Under this line is some data; print exactly the lines from the one containing "2024 CHEVROLET TRAX LS" through its last line, without pictures.
══ Input data ══
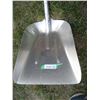 Image 2 : Aluminum Shovel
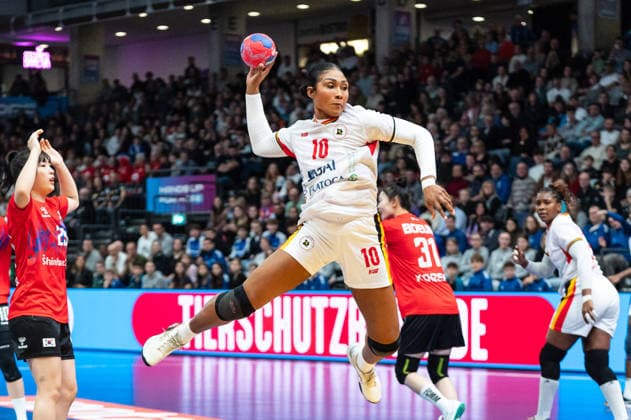 KASSOMA ALBERTINA DA CRUZ (10 ANGOLA) takes a jump shot during the IHF Women s Handball World Championship, WM, Weltmeisterschaft game between Angola and Republic of Korea at the SWT Arena in Trier, Germany Copyright: xMartinxPitschx xSPPx Sportspressphoto_SPR67142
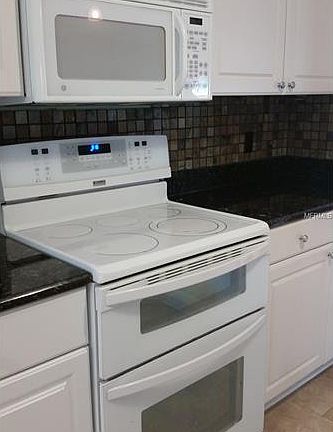 5th image of 10531 Maronda Dr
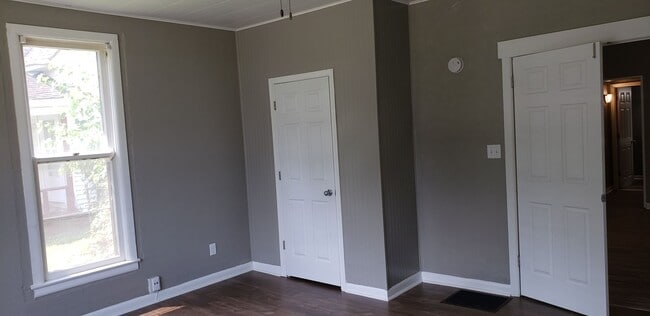 Building Photo - 3 bedroom 1 bath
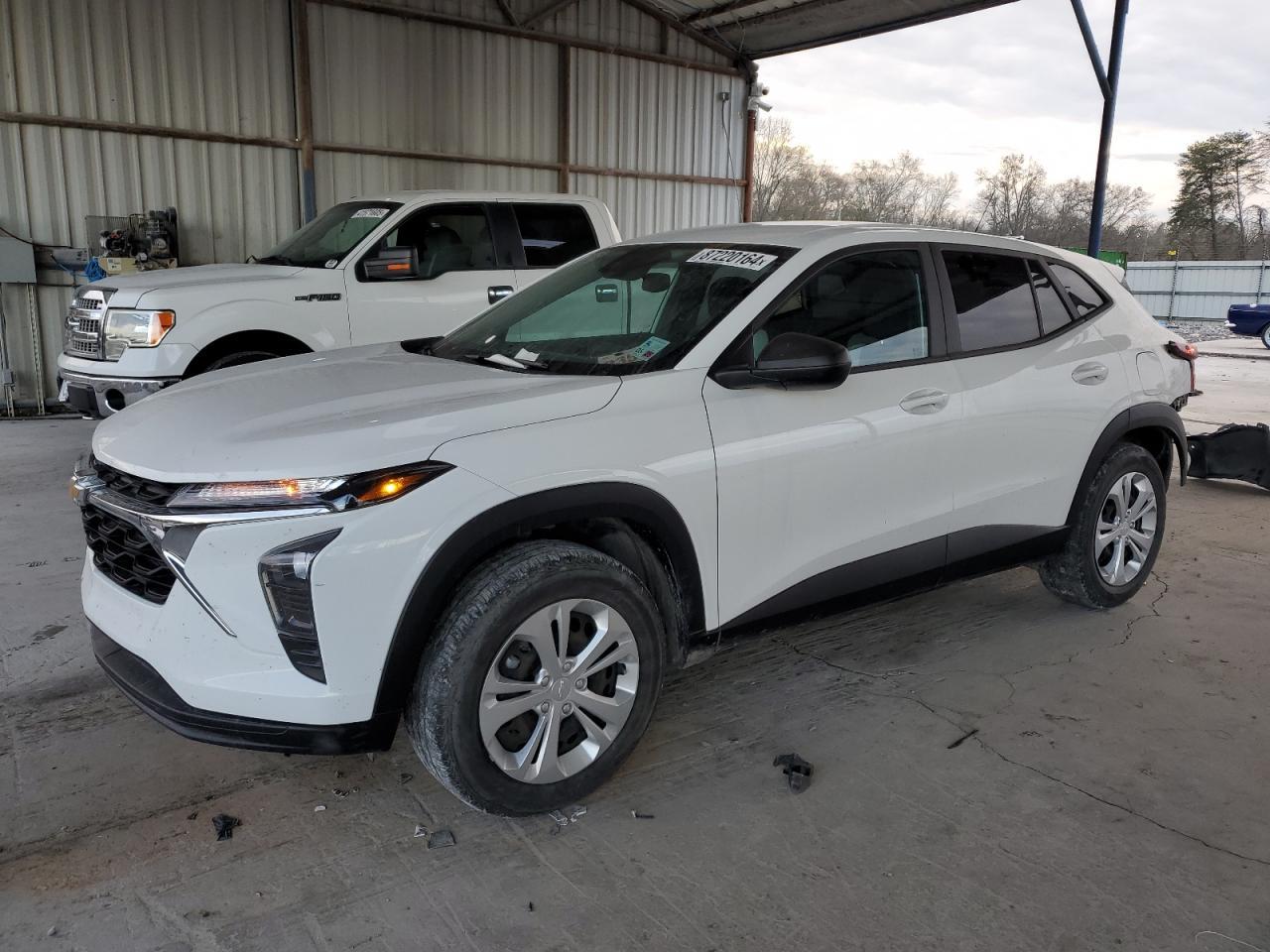 2024 CHEVROLET TRAX LS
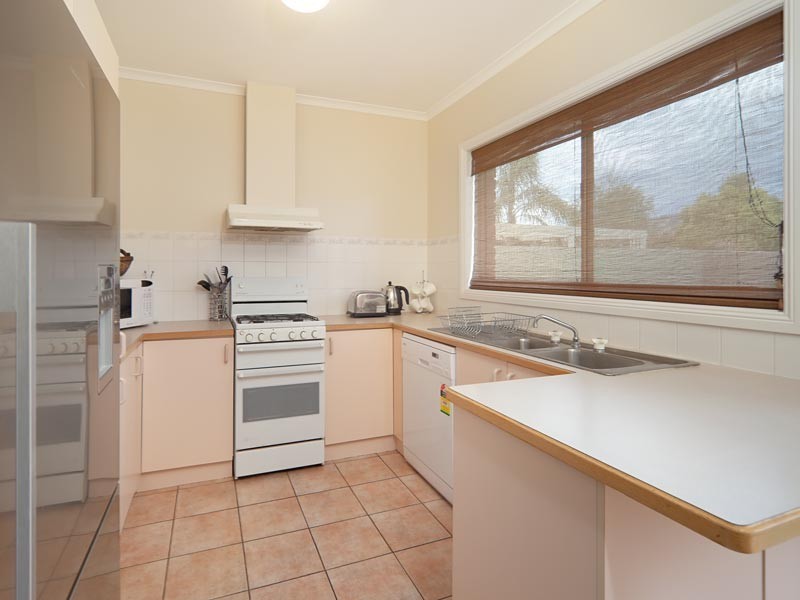 2/416 Tumgarra Place, Lavington NSW 2641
═══
Answer for the task:
 2024 CHEVROLET TRAX LS
 2/416 Tumgarra Place, Lavington NSW 2641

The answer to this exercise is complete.